Suppose that $p_1, \dots, p_n$ are nonnegative real numbers such that $p_1 + \cdots + p_n = 1$; denote the corresponding set of vectors by $\Delta_n$.
I am interested in the following function, $f \colon \Delta_n \to \mathbb{R}_+$, given by $$ f(p) = \sum_{k=1}^n \frac{p_k}{\sum_{j=k}^n p_j}. $$ We always have $f(p) \leq n$, using the lower bound $\sum_{j\geq k} p_j \geq p_k$. However I feel this must be a loose bound on the quantity $$ \sup_{p \in \Delta_n} f(p), $$ since it requires that $\sum_{j >k} p_j = 0$ for all $k$ to be met with equality. Hence, I am wondering what the largest $f(p)$ can be when evaluated over the simplex?

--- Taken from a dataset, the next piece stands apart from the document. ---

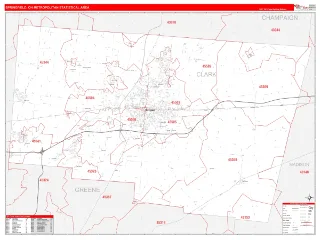 Springfield Metro Area RedLine style ZIP Code wall map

Take $0<r<1$ and put $p_k=(r^{k-1}-r^k)/(1-r^n)$ for $1\leqslant k\leqslant n$. Then $$\sum_{k=1}^n\frac{p_k}{\sum_{j=k}^n p_j}=\sum_{j=1}^n\frac{r^{k-1}-r^k}{r^{k-1}-r^n}\underset{\color{gray}{\big[j=n-k+1\big]}}{=}\sum_{j=1}^n\frac{1-r}{1-r^j}.$$ This tends to $n$ as $r\to0$, thus $\sup_{p\in\Delta_n}f(p)=n$.